When did "heatwave" cease to mean at least six weeks of unbroken, blistering sunshine? The BBC weather-girl last week insisted that "on Thursday there's going to be a heatwave, but by Friday storms will be moving in from the west", which, roughly translated, meant that "we're going to have one nice afternoon, but then it's back to the usual crap".
Anyway, I didn't want to miss the five-hour heatwave, so I headed down to the lake to do the family bit with my baby and dog. It was a nice park, meaning that the quality of flesh on show was more tanned and taut than down the road in Finsbury Park. All around us, nubile young women played Frisbee with Jude Law-alikes. There was a lot of giggling and rolling around. "They're playing tickling games," I explained to Alexandra, whose eyes were drawn to one couple writhing on a blanket. The pale blonde girl eventually resumed her sunbathing, leaning on her elbows and reading a book. She was wearing a thong and had taken her top off. She was slim and to all intents and purposes utterly - prettily - naked.
When the sun was at its hottest, a religious man in full robes sat between her and our old car blanket. He unwrapped a sandwich and looked out to the lake. Time and again, his head flicked to the girl and back to the lake. It took around ten minutes for him to inch his way around until he was blatantly staring at the girl's bare backside. At one point, as he raised the bread to his lips, he actually drooled on himself. When he got up and left, I felt relieved. I was unable to take my eyes off him while he couldn't take his God-fearing eyes off the girl's bum. It was gruesome, hideous, sleazy and absolutely compelling viewing. Here was an orthodox man utterly spellbound, religious beliefs jettisoned, in thrall to two round buttocks. What was he thinking? What was his life like? Was he married?

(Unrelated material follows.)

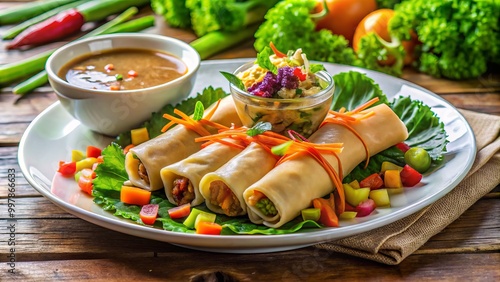 Vibrant lumpia sariwa filled with fresh, colorful vegetables, drizzled with creamy peanut sauce, beautifully presented photo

When he came back with an ice-cream, I gritted my teeth. He sat closer to the unsuspecting girl than before, and began salaciously to lick the cool, round globes. He rubbed the vanilla around his fleshy lips and finally, as he began to stroke the cone up and down, the spell broke. My daughter was toddling towards him. I jumped to my feet and, sounding uncannily like Joyce Grenfell, scolded: "That's enough. You've had your eyeful. Now go away!" He leapt to his feet and, without acknowledging me, scuttled off, grabbing one final, long look as he went.
That evening, the warm weather held. So it was off to another park. This time, a really posh one - Kensington Gardens. I felt a little out of place, walking up the spotless pathway and past the archery range. The couples here weren't frolicking, they were businesslike in their pleasures. The runners ran at a regimented rate, the young men in suits marched home, talking into the tiniest mobile phones. And couples were out walking some of the ponciest dogs I've seen outside Paris.
One man and woman were with a pair of skinny greyhound-things. When the male dog squatted to poo, there was a flurry of nervous activity from the lady. "Bag, bag, Daniel," she urged. He passed the bag. As the dog completed his bowel movement, she stood close, then scooped the poop efficiently into the bag. She shoved the steamy carrier into a pocket and with a tissue proceeded to wipe his bum. Yes, wipe it.
Up ahead, my friend was pouring Pimms for her other guests whose dogs were fighting (and pooing) normally. "Do you all wipe dogs' bums in Kensington?" I had to ask. "No." Then Lily asked if I'd remembered to buy a card or a present for the birthday boy. I hadn't, as I thought she'd been joking. It was "Terry" her dog's first birthday, and everyone one else had bought him a ball or a toy.
They may not roll around in the nude or ogle each other's bits in SW1 but, my God, they take their pets seriously.